Multi-agent reinforcement learning has drawn increasing attention in practice, e. g. , robotics and automatic driving, as it can explore optimal policies using samples generated by interacting with the environment. However, high reward uncertainty still remains a problem when we want to train a satisfactory model, because obtaining high-quality reward feedback is usually expensive and even infeasible. To handle this issue, previous methods mainly focus on passive reward correction. At the same time, recent active reward estimation methods have proven to be a recipe for reducing the effect of reward uncertainty. In this paper, we propose a novel Distributional Reward Estimation framework for effective Multi-Agent Reinforcement Learning (DRE-MARL). Our main idea is to design the multi-action-branch reward estimation and policy-weighted reward aggregation for stabilized training. Specifically, we design the multi-action-branch reward estimation to model reward distributions on all action branches. Then we utilize reward aggregation to obtain stable updating signals during training. Our intuition is that consideration of all possible consequences of actions could be useful for learning policies. The superiority of the DRE-MARL is demonstrated using benchmark multi-agent scenarios, compared with the SOTA baselines in terms of both effectiveness and robustness.

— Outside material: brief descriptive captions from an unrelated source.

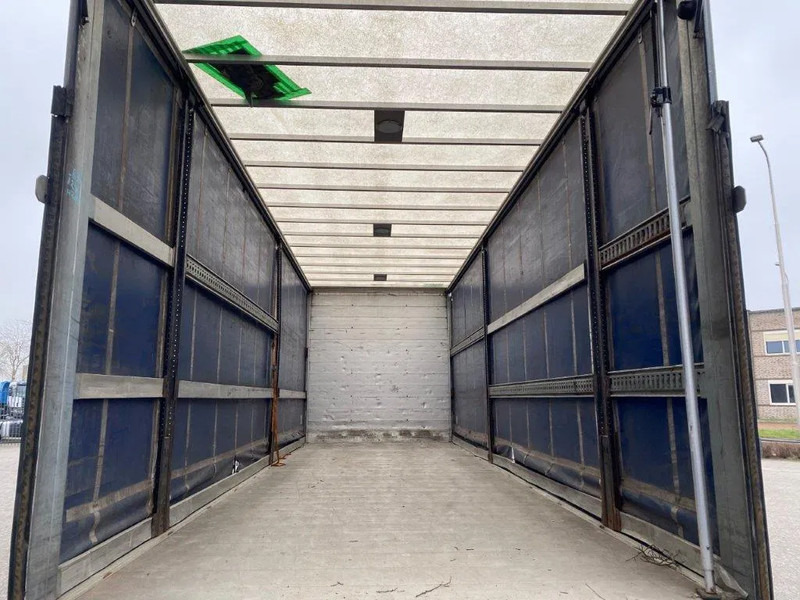 Volvo FM11-330 / LOW KM'S:472120 KM / LWDS / FULL-AIR / NAVI / CURTAIN SAILS / PLATFORM 2500KG / AUTOMATIC / EURO-6 / 2016 - Curtainsider truck: picture 5 Volvo FM11-330 / LOW KM'S:472120 KM / LWDS / FULL-AIR / NAVI / CURTAIN SAILS / PLATFORM 2500KG / AUTOMATIC / EURO-6 / 2016 - Curtainsider truck: picture 5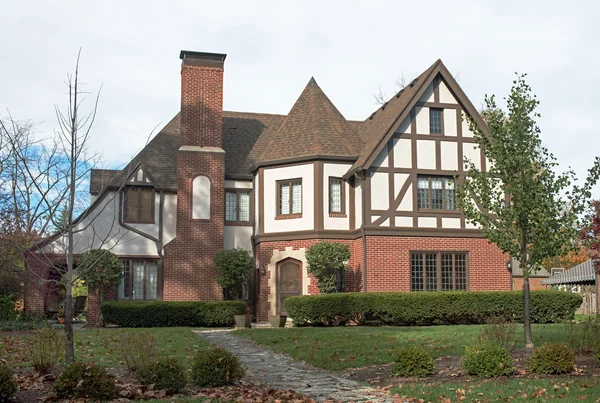 Gran Inglés Tudor Home — Foto de Stock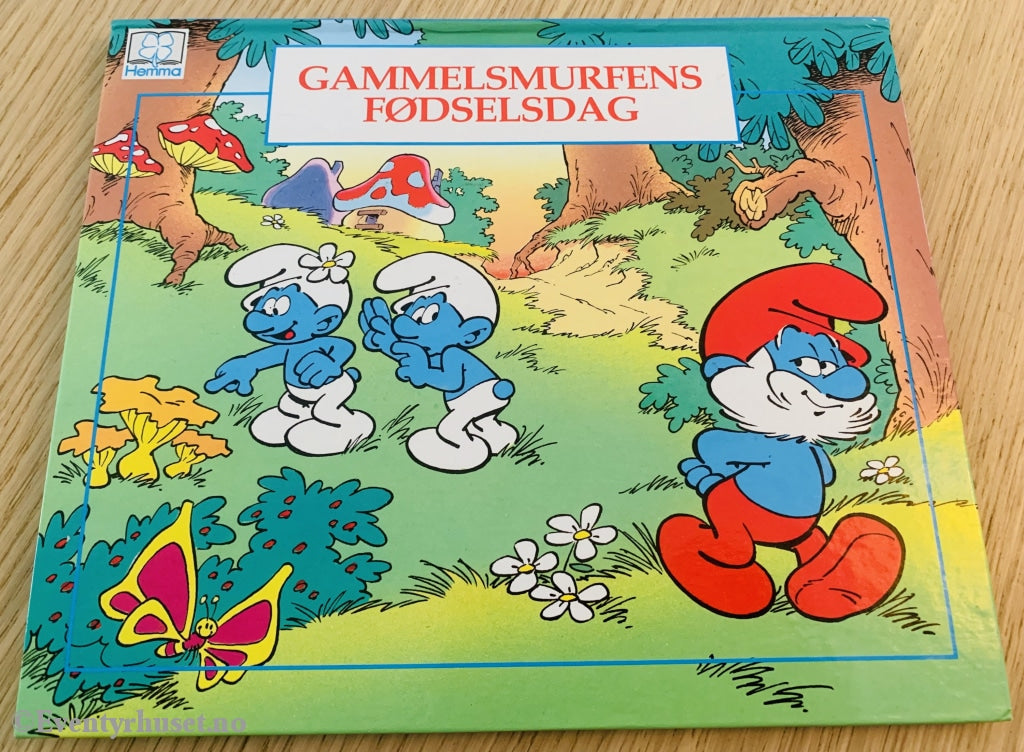 Gammelsmurfens Bursdag. 1996. Popp-Opp-Bok. Fortelling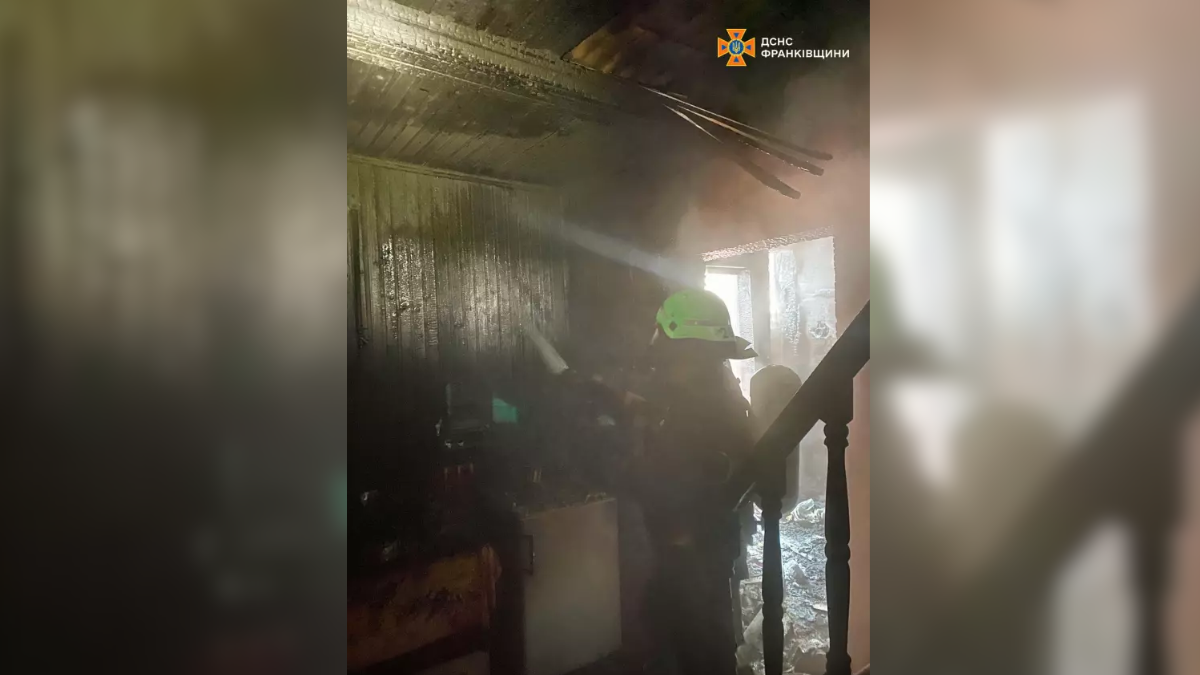 3 лютого сталася пожежа приватного житлового будинку в селі Дзвиняч Дзвиняцької територіальної громади на Івано-Франківщині.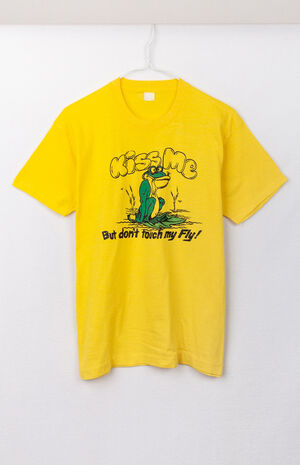 Kiss Me T-Shirt image number 1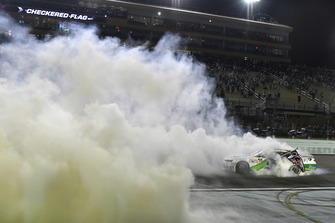 Yarış galibi Tyler Reddick, JR Motorsports, Chevrolet Camaro BurgerFi ve Nascar Xfinity Series Şampiyonu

IJCAI Conference 2020 Conference Paper

Attention-based Multi-level Feature Fusion for Named Entity Recognition

  • Zhiwei Yang
  • Hechang Chen
  • Jiawei Zhang
  • Jing Ma
  • Yi Chang

Named entity recognition (NER) is a fundamental task in the natural language processing (NLP) area. Recently, representation learning methods (e. g. , character embedding and word embedding) have achieved promising recognition results. However, existing models only consider partial features derived from words or characters while failing to integrate semantic and syntactic information (e. g. , capitalization, inter-word relations, keywords, lexical phrases, etc. ) from multi-level perspectives. Intuitively, multi-level features can be helpful when recognizing named entities from complex sentences. In this study, we propose a novel framework called attention-based multi-level feature fusion (AMFF), which is used to capture the multi-level features from different perspectives to improve NER. Our model consists of four components to respectively capture the local character-level, global character-level, local word-level, and global word-level features, which are then fed into a BiLSTM-CRF network for the final sequence labeling. Extensive experimental results on four benchmark datasets show that our proposed model outperforms a set of state-of-the-art baselines.